START Exercise input
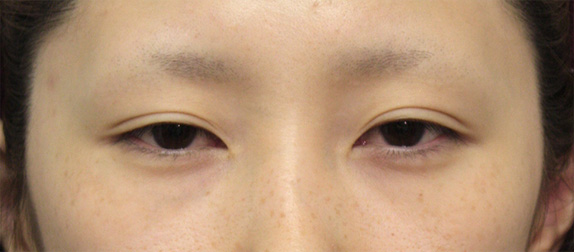 眼瞼下垂（がんけんかすい）,眼瞼下垂（がんけんかすい） まぶたが重そうな20代女性の症例,Before,ba_ganken26_b.jpg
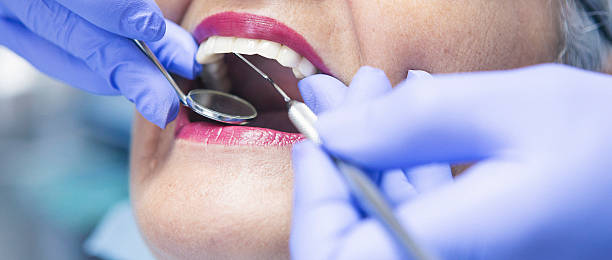 Best Emergency Root Canal Treatment in Taylor, PA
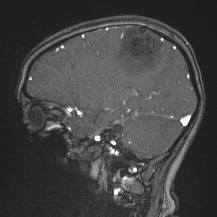 Cerebral venous infarction - hemorrhagic (Radiopaedia 81625-95505 Sagittal MRV 28).jpg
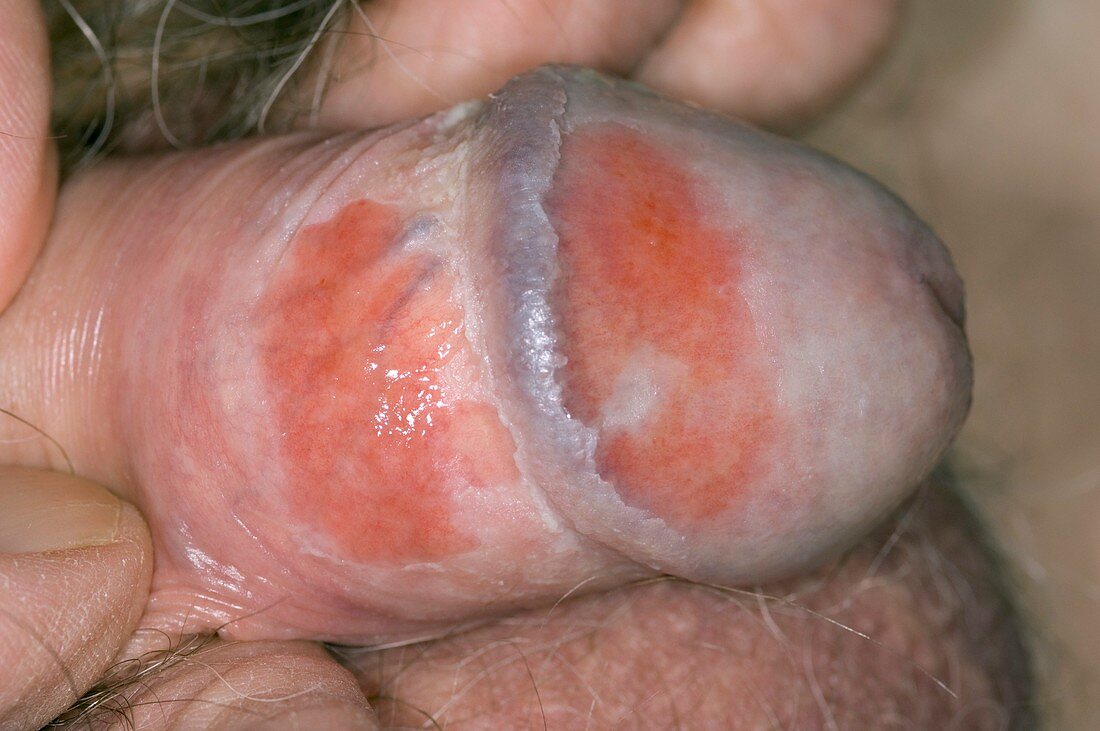 Balanitis of the penis
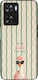 Sonique Stripe Stories Series Case OnePlus Nord...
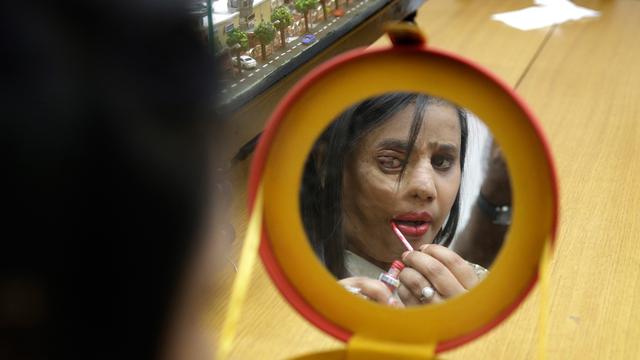 Hari Perempuan Internasional, Korban Siraman Air Keras Jadi Model di India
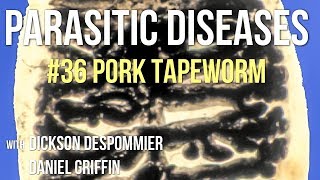 Parasitic Diseases Lectures 36 Pork Tapeworm [upl. by Eiuqnimod]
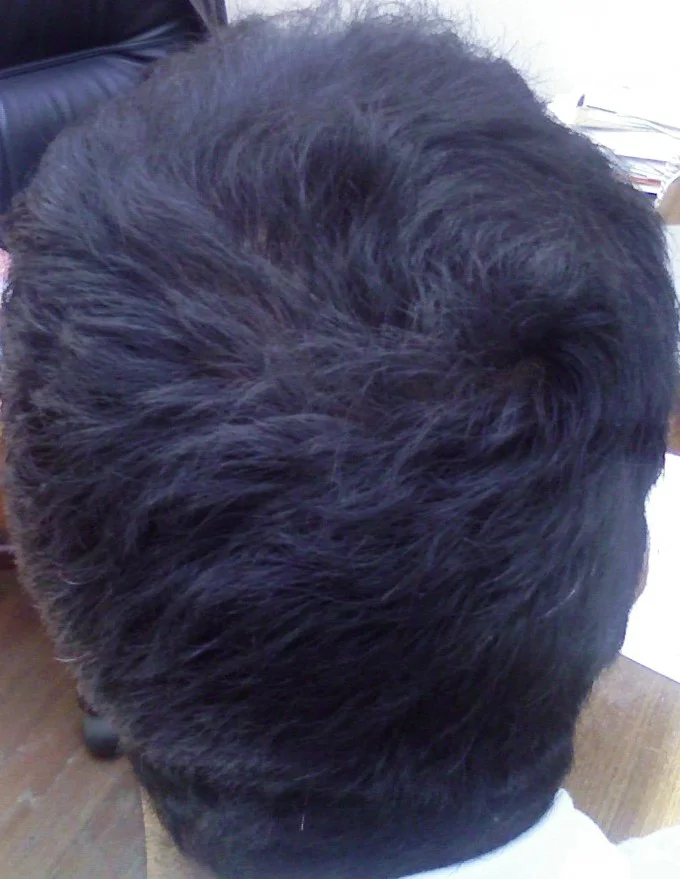 David after male pattern baldness treatment results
END Exercise input
◆ **Work order**
What is needed is an exact repeat of only the lines from the one containing "Best Emergency Root" through the last line of the listing above, both ends included, without the pictures.

◆ **Completed task**
 Best Emergency Root Canal Treatment in Taylor, PA
 Cerebral venous infarction - hemorrhagic (Radiopaedia 81625-95505 Sagittal MRV 28).jpg
 Balanitis of the penis
 Sonique Stripe Stories Series Case OnePlus Nord...
 Hari Perempuan Internasional, Korban Siraman Air Keras Jadi Model di India
 Parasitic Diseases Lectures 36 Pork Tapeworm [upl. by Eiuqnimod]
 David after male pattern baldness treatment results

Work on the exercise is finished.